Many travelers remember the days they had small children, or they are simply kind and want to help out. In my experience, most people are helpful and gracious as opposed to rude when you are traveling with little ones. I even had several random adults pick up my kids and let them sit with them for a bit while I caught my breath. Normally we wouldn’t hand our child over to a stranger, but on an airplane, you take the lifeline that is thrown your way.
Tip #5: Bring activities and provisions (and sometimes kids’ leashes)
These days many parents are concerned with their children’s screen time on devices like smart phones and tablets. When stuck on a plane with children, sometimes those rules fly out the window. Last year I brought every device I could think of – a DVD player, an iPhone, a kids’ tablet, plus those old-fashioned real paper books! Dolls and a special stuffed animal to travel with are good options too – just don’t bring any toys with small pieces or anything too large. As a bribe you could promise your kid a new stuffed toy at a layover’s airport shop. This will kill time and provide an incentive for good behavior.
Also pack plenty of snacks and drinks. You never know when you will end up stuck on a tarmac for two hours. This did not happen to me, but I wanted to be prepared just in case. My kids are always hungry, so I just kept throwing goldfish, graham crackers and baby puffs at them. If you keep feeding them, they can’t complain that they are hungry. I also recommend bringing your own sippy cups, so you can fill them up for free at the airport’s water fountain, instead of spending a fortune on bottled waters, which also take up more space.
The godsend for me was two kids’ backpacks with leashes attached. I swore I would never be the parent walking a kid on a leash, but that was before I had to keep track of three wild children during a day of three airports. I made the backpacks seem like a special treat, and my oldest son loved his “big boy” backpack, whereas my one-year-old son enjoyed his soft doggy one. My five-year-old daughter relished “walking” her younger brother as well. The whole scene was quite comical.
The leash also came in handy on the airplane, as my one-year-old could walk up and down the aisles while I sat in my aisle seat and held onto the other end. He also made friends this way and hung out with a few other passengers to give me a break at times. Walking the aisle worked great for my toddler, except for on the flight with the stern flight attendant who reminded me each time the seatbelt light came on. At that point I had to become a human straitjacket around my son as he screamed at the top of his lungs and tried to break free. Which brings me to the last tip…

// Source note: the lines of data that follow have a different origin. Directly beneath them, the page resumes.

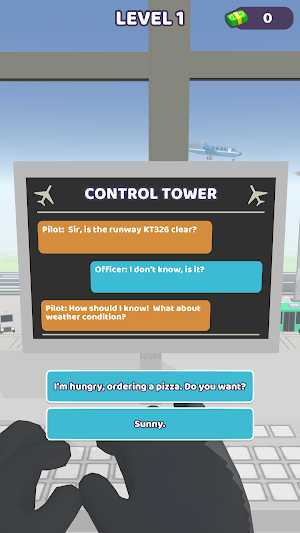 Airport Life Screenshot 0
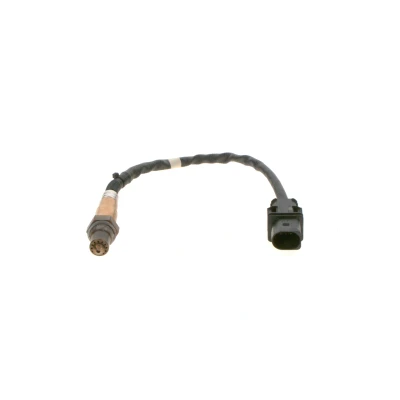 Bilde av BOSCH 0 281 004 187 Lambdasonde 5 NISSAN: Qashqai / Qashqai+2 I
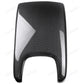 Jogon Carbon Fiber Armrest Lid Cover | 22+ Civic, 23+ Integra - Unity Performance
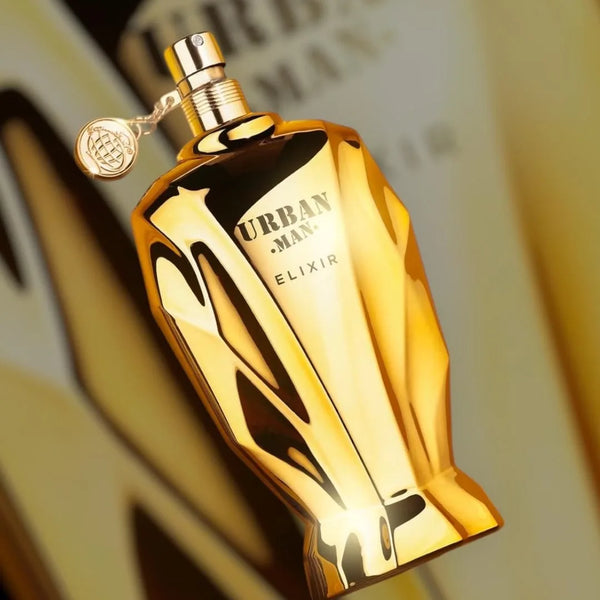 Fragrance World Urban Man Elixir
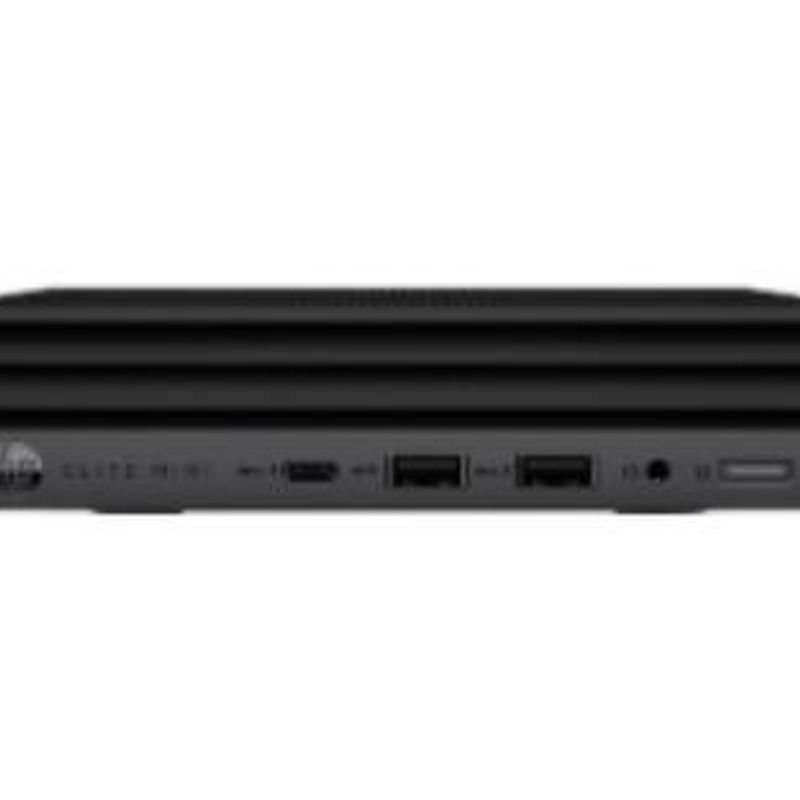 HP Mini PC para conferencias (Microsoft Teams Rooms) intel I7 SSD 256 Gb DDR5 16 GB W11 6005460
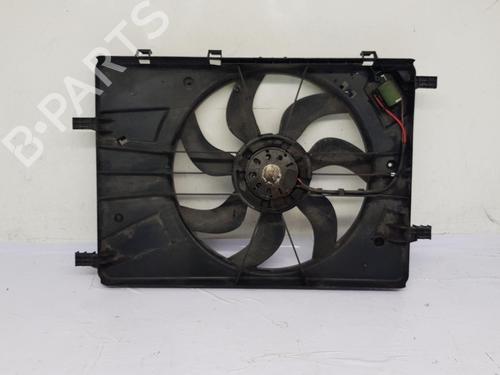 Ventilateur radiateur VAUXHALL ASTRA Mk VI (J) (P10) 1.4 (100 hp) 30581134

Tip #6: Know that the flight will eventually end. No matter what happens on that plane, no matter how loudly your kids cry or scream, no matter how dirty and disheveled you are by the end, know that the flight has to eventually end, and at some point your kids will go to bed and you will get a hot shower. And the flight will one day be a distant memory that you can laugh at for years to come. Just don’t think about the return flight home.